Zastalowcy zaledwie kilka tygodni temu grali z Polskim Cukrem i znów przychodzi im zmierzyć się z toruńską drużyną. Zielonogórzanie w niedzielę zagrają o jeszcze lepszy bilans i powiększenie przewagi nad zespołem Jacka Winnickiego w ligowej tabeli. Będzie to również ostatnia próba sił obu drużyn przed Pucharem Polski.
Polski Cukier przeżywa głęboki, śródsezonowy kryzys. Były już lider PLK przegrał cztery z pięciu ostatnich spotkań. Co najistotniejsze, każdy poprzedni rywal torunian był z czołówki tabeli – pokazuje to, że PC może mieć spore trudności w walce na szczycie Polskiej Ligi Koszykówki. Mało kogo pociesza zwycięska seria z początku sezonu, teraz bowiem chodzi o powrót na dobrą ścieżkę…

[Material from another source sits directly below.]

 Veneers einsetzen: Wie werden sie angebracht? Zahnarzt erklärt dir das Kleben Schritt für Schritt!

Wysokie przegrane z Zastalem, Anwilem i Stalą oraz porażka w końcówce z dołującą Rosą pokazują realną formę torunian. Obie Trotter i Kyle Weaver we dwójkę nie zapewnią zwycięstw drużynie. W kratkę gra Jure Skifić, sporo zależy od dyspozycji dnia Łukasza Wiśniewskiego i Krzysztofa Sulimy. Rzadkie przebłyski miewa Maksym Sanduł, który już od dłuższego czasu nie miał dwóch równych występów z rzędu. Aby Toruń nawiązał z mistrzami Polski walkę swoje muszą zrobić rezerwowi Polacy – Bartosz Diduszko, Tomasz Śnieg i Aleks Perka mają wymagające zadanie przed sobą…

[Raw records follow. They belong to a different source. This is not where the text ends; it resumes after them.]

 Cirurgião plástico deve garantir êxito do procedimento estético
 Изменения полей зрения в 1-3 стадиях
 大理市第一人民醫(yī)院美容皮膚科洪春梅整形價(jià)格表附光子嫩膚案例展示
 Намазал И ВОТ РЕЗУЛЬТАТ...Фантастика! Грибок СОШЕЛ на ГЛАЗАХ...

W ekipie Zastalu nastroje korzystne – dwa wysokie zwycięstwa nad Treflem i Siarką poprawiły atmosferę po porażkach z Ligi Mistrzów, jednak należy podtrzymać serię zwycięstw w PLK i przygotować się do meczu z Ciboną Zagrzeb. Wygrana z Toruniem na tym etapie sezonu będzie kluczowa dla rozstawienia w tabeli, stąd też potrzebna spora mobilizacja i wola walki – szczególnie, że wciąż zagrożony jest występ Vlado Dragicevicia…
Mecz już jutro o 12:40. Transmisja w Polsacie Sport.